Working to Develop the Agricultural Sector to Benefit Smallholder Farmers
ACDI/VOCA implemented the USAID-funded Productive Agriculture Project in Tajikistan. The project helped farmers transition to commercial production and participate in profitable value chains. Taking a value chain approach, the project leveraged private sector incentives and relationships between input dealers, processors, and trade associations to strengthen market linkages and improve the delivery of vital services at the farm level, including technical assistance and finance. Farmers then made investments in technologies that allowed them to increase productivity and improve quality of production to reach markets that offer higher prices.

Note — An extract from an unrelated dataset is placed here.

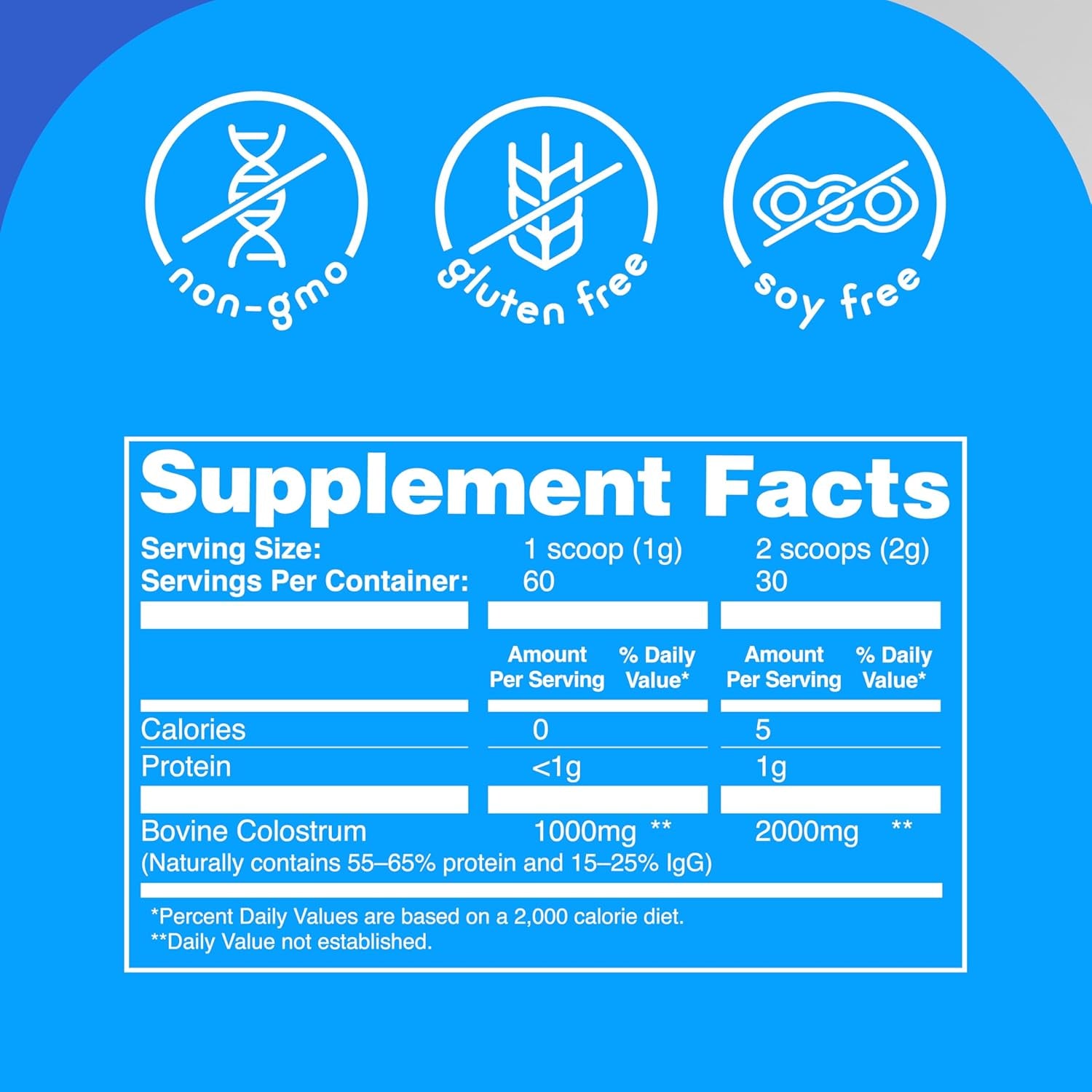 Zena Nutrition Bovine Colostrum Powder Supplement for Gut Health, Immune & Digestive Support, 2000Mg 30 Servings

Facilitating Investments at the Farm Level
The project addressed supply and demand constraints within the agricultural inputs industry to bolster growth and competitiveness. The Productive Agriculture Project linked input dealers and lead farms to launch demonstration plots at the demand-level, conveying the potential yields and returns resulting from best agricultural practices. To help overcome the risk involved in adopting new technologies, vouchers covered the difference in cost between the new technology and current practices.
The project strengthened the distribution network of agro-input businesses by supporting linkages between retailers, wholesalers, importers, and international input dealers through trade fairs and study tours. It also supported the agro-input sector in marketing “technology packages” of high-quality, certified inputs with embedded technical assistance. Thanks to the project’s effort, the participating input dealer network in Khatlon grew from six to 13 dealers in 2013.
The project facilitated access to finance to allow farmers and other value chain participants to invest in the required upgrades. It also provided technical assistance with loan product development to financial institutions and input dealers. Through its Mechanization Finance Program, the project provided incentive grants to Khatlon’s smallholder farmers in targeted value chains. These grants went toward investments in tractors, farm equipment, and other tools. Additionally, the project helped farmers who did not have sufficient capital to receive loans from financial institutions through an innovative loan product, which did not require collateral beyond the tractors themselves.
Value Chain Linkages Yield Success
The project improved value chain linkages to help farms investing in commercial production to secure access to premium domestic and international markets.
The project helped the lead firms engage in the dried apricot sector to establish Tajikistan Foods Association—the first industry export association of its kind—which became a major driver of value chain competitiveness. In its final year, the project worked with this and other associations on implementing quality controls, improving the Tajikistan brand, and solidifying linkages with export markets.
The project brought wholesalers and exporters to the farm gate to buy the farmers’ produce during seasonal windows when there were premium prices. This helped create long-term commercial relationships and allowed Tajikistan farmers to expand their produce sales to export markets.